Congratulations for Kamil Zielinski
& for Michal Halczuk beating Milan Baticz for 0.01 seconds (  )
1.5 hours after the schedule - how can they do such a thing???


----------



## Zava (Nov 28, 2009)

wow, so many hungarian podiums, even wins  I didn't expect them to win things like pyra, sq1 or 7x7... good job guys!
also f.u Bence for the 5x5 single


----------



## KwS Pall (Nov 28, 2009)

Michal Halczuk got 2:15 on 6x6. Any comments?


----------



## Mossar (Nov 28, 2009)

Aaarhh.. 0,06s. to 3rd place in OH :/ But I'm happy - first competition for me was great.


----------



## Paris (Nov 28, 2009)

Zava said:


> wow, so many hungarian podiums, even wins  I didn't expect them to win things like pyra, sq1 or 7x7... good job guys!
> also f.u Bence for the 5x5 single



it was with pll skip xD but still great solve!

i wish i could not mess up my first solve on megaminx


----------



## Zava (Nov 28, 2009)

I know, he texted me about it
we had a bet right before this weekend: if he has an 5x5 NR after this competition (doesnt matter if single or averafe), I'll have to attend with a mefferts 5x5 at my next comp. :fp I bet he laughed his ass off


----------



## Paris (Nov 30, 2009)

actually he did


----------



## SimonWestlund (Nov 30, 2009)

Gratz on the megaminx single and average Kamil!
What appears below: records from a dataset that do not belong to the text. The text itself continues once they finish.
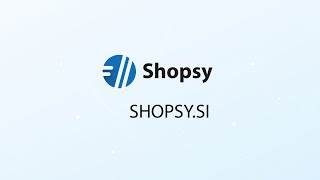 Shopsy  preprosta trgovinska rešitev in davčna blagajna [upl. by Colt]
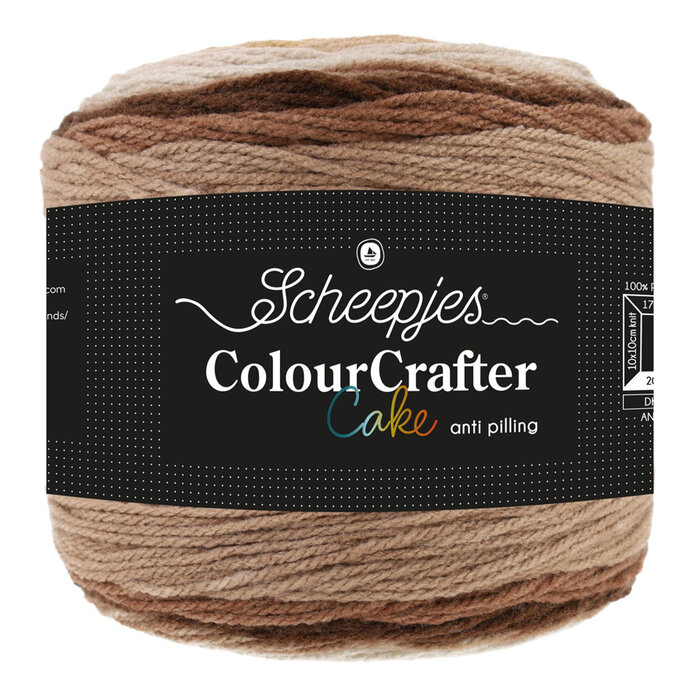Scheepjes Colour Crafter Cake - 708 Japandi
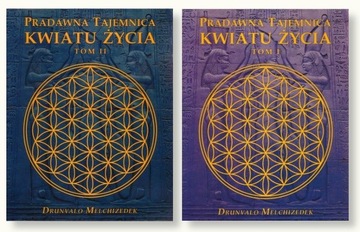 Pradawna Tajemnica Kwiatu Życia I i II Melchizedek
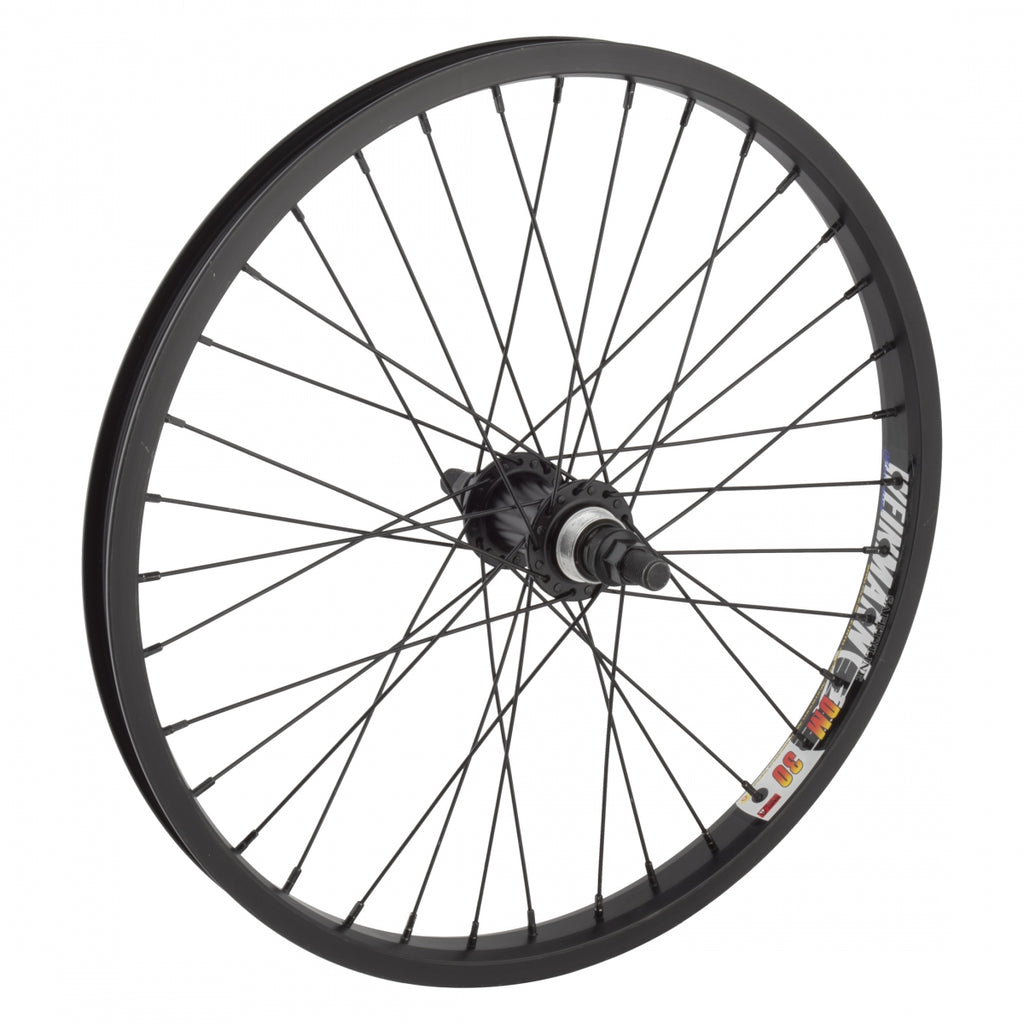WHL RR 20x1.75 406x24 WEI DM30 BK 36 ALY FW 1sp FF 14mm BK 110mm 14gBK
And gratz to Michal for his 6x6 single!!


----------



## Olivér Perge (Nov 30, 2009)

Did you know that:

-	one day competition is hard?
-	ZZ is one of the nicest judge i’ve met?
-	we started with a 1,5-2 hours delay but still finished ok?
-	we had one big sheet for every events and it works?!
-	Bence had the 2x2 NR for like 1,5 mins (2.06) then Milán took it back (1.80) ?
-	those two times were not with the same scramble?
-	in square-1 the last scramble was a one move cube shape?
-	Bence and Michal did 20, 21, even i did 22? 
-	we won pyraminx and square-1?! 
-	i did 1:32.00 bld with no practice since 2008 march?
-	memo was 25 sec, excetuion still with old Pochmann?
-	Marcin’s 2.80 magic was a +2?
-	master magic and blind podium were exactly the same? (me, Milán, Bence)?
-	i broke many competition PBs (8 oranges)?


----------